§ **The problem**:
Could you return every line of the material that contains the word "some"?

§ **Extracted information**:
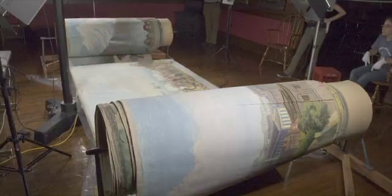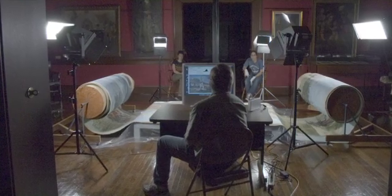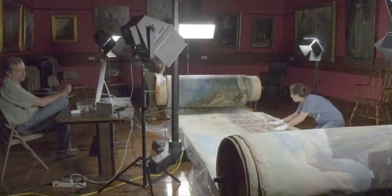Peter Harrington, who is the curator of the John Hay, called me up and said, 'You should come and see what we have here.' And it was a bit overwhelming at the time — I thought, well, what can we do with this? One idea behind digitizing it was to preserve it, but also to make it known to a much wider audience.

==

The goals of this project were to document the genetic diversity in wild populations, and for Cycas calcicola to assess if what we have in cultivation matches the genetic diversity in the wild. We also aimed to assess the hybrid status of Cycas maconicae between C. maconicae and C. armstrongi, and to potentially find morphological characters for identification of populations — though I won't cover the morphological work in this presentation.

==

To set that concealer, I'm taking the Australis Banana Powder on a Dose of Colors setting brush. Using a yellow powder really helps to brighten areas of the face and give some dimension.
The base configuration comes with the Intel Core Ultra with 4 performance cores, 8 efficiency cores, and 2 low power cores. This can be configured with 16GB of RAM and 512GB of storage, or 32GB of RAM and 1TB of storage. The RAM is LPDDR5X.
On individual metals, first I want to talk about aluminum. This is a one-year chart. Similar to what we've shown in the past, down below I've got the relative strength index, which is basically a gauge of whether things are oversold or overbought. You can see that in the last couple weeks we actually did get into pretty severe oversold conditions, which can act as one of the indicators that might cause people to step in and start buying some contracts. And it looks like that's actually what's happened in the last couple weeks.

§ **Task response**:
To set that concealer, I'm taking the Australis Banana Powder on a Dose of Colors setting brush. Using a yellow powder really helps to brighten areas of the face and give some dimension.
On individual metals, first I want to talk about aluminum. This is a one-year chart. Similar to what we've shown in the past, down below I've got the relative strength index, which is basically a gauge of whether things are oversold or overbought. You can see that in the last couple weeks we actually did get into pretty severe oversold conditions, which can act as one of the indicators that might cause people to step in and start buying some contracts. And it looks like that's actually what's happened in the last couple weeks.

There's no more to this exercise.